For any $x\ne 0$ , the term $-\frac{x^2}{2 a^2}$ in the exponent is a negative number. Therefore, in the limit, the exponential will be
$\lim_{a\to 0}e^{-\frac{x^2}{2 a^2}}=0.$
(27)
This limit is the dominant term in the full expression $\frac{1}{\sqrt{2\pi a^2}} \, e^{-\frac{x^2}{2 a^2}}$ as we know exponential decay tends to 0 faster than any $a^m$ . Thus we have
$\lim_{a\to 0} g_a(x) = 0, \quad \text{for} \,\,\, x\ne 0$
(28)
The property $(p2)$ holds because of the Gaussian integral.
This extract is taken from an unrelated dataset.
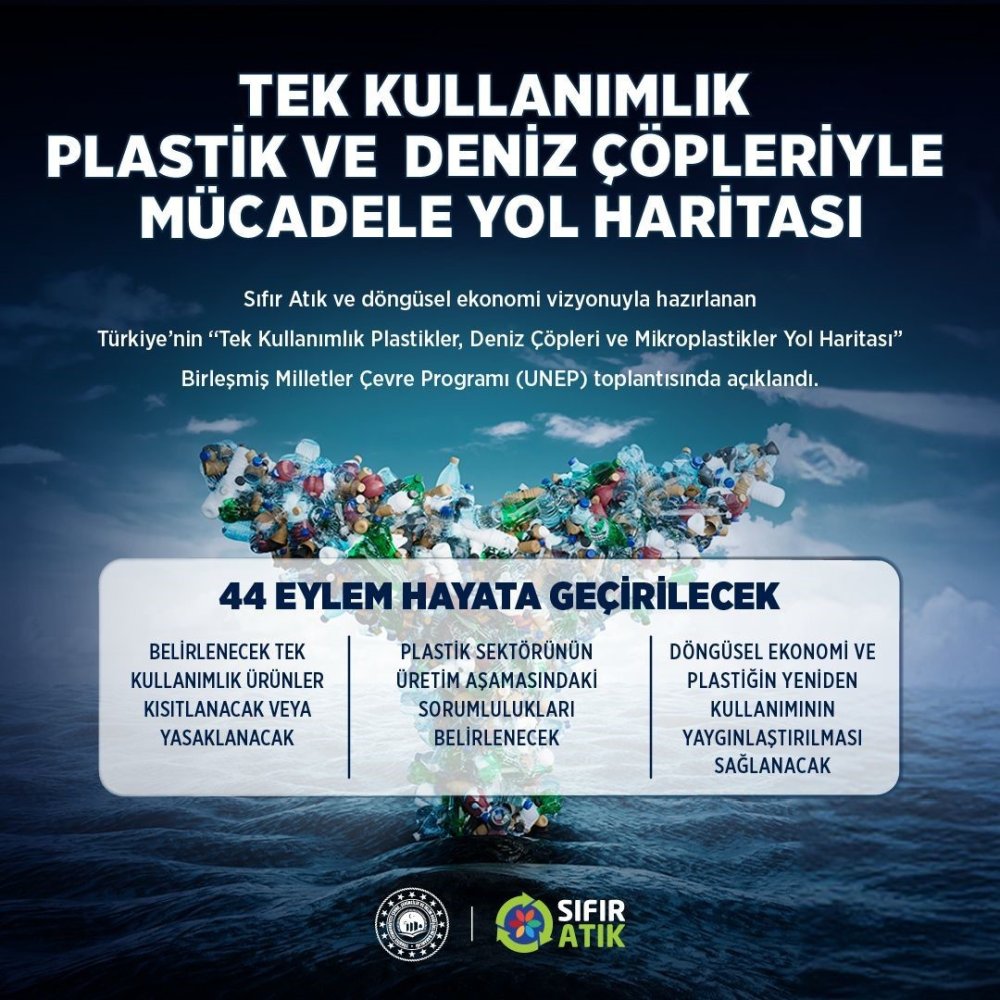 Tek Kullanımlık Plastiklere Kısıtlama Geliyor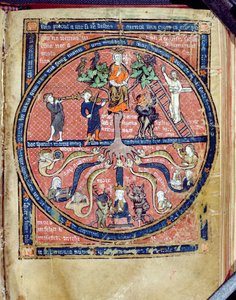 Allegorical Tree, from De Philosophia Mundi by Guillaume de Conches by French School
The area under the Gaussian function is
$\intinf g_a(x) \, dx =1,$
(29)
regardless of the value of $a$ . Which means in the limit of $\lim_{a\to 0}$ we still have
$\lim_{a\to 0}\intinf g_a(x) \, dx =1.$
(30)
Now, roughly plot the $g_a(x)$ functions for the cases of $a=1$ , $a=0.1$ , and $a=0.01$ and discuss whether the behavior matches your expectation with regards to the two properties of the delta function.
Solution
The functions are plotted in the following.
[Plots to be added here!]
As expected, we see the functions getting narrower and narrower in the limit $a\to 0$ such that the values away from $x=0$ approach zero. The value at the point $x=0$ though gets larger and larger approaching infinity. In all cases, we showed that the area under the curve is equal to 1. These two where the properties $(p1)$ and $(p2)$ . This means that such a function has the properties which define the delta function in the limit $a\to 0$ . Therefore, we write
$\delta(x) = \lim_{a\to 0} g_a(x).$
(31)
Evaluate the Fourier transform of the delta function
$h(k) = \frac{1}{\sqrt{2\pi}} \intinf \delta(x) \, e^{-ikx} \, dx.$
(32)
Solution
Using the property $(I)$ , we have
$h(k) = \frac{1}{\sqrt{2\pi}} \intinf \delta(x) \, e^{-ikx} \, dx. = \frac{1}{\sqrt{2\pi}} \, e^{-ik(0)} = \frac{1}{\sqrt{2\pi}}$
(33)
We know that if the Fourier transform of a function $f(x)$ is $F(k)$ , the original function $f(x)$ can be written in terms of $F(k)$ using the inverse Fourier transformation
$f(x) = \frac{1}{\sqrt{2\pi}} \intinf F(k) \, e^{ikx} \, dk.$
(34)
Use the inverse Fourier transformation to show that the delta function can also be written in terms of the $e^{ikx}$ functions as
$\delta(x) = \frac{1}{2\pi} \intinf e^{ikx} \, dk.$
(35)
Solution
Putting the Fourier transform of the delta function into the definition of the inverse Fourier transform, we have
$\begin{align} \delta(x) &= \frac{1}{\sqrt{2\pi}} \intinf h(k) \, e^{ikx} \, dk \\ &= \frac{1}{\sqrt{2\pi}} \intinf \frac{1}{\sqrt{2\pi}} \, e^{ikx} \, dk \\ &= \frac{1}{2\pi} \intinf e^{ikx} \, dk. \end{align}$
(36)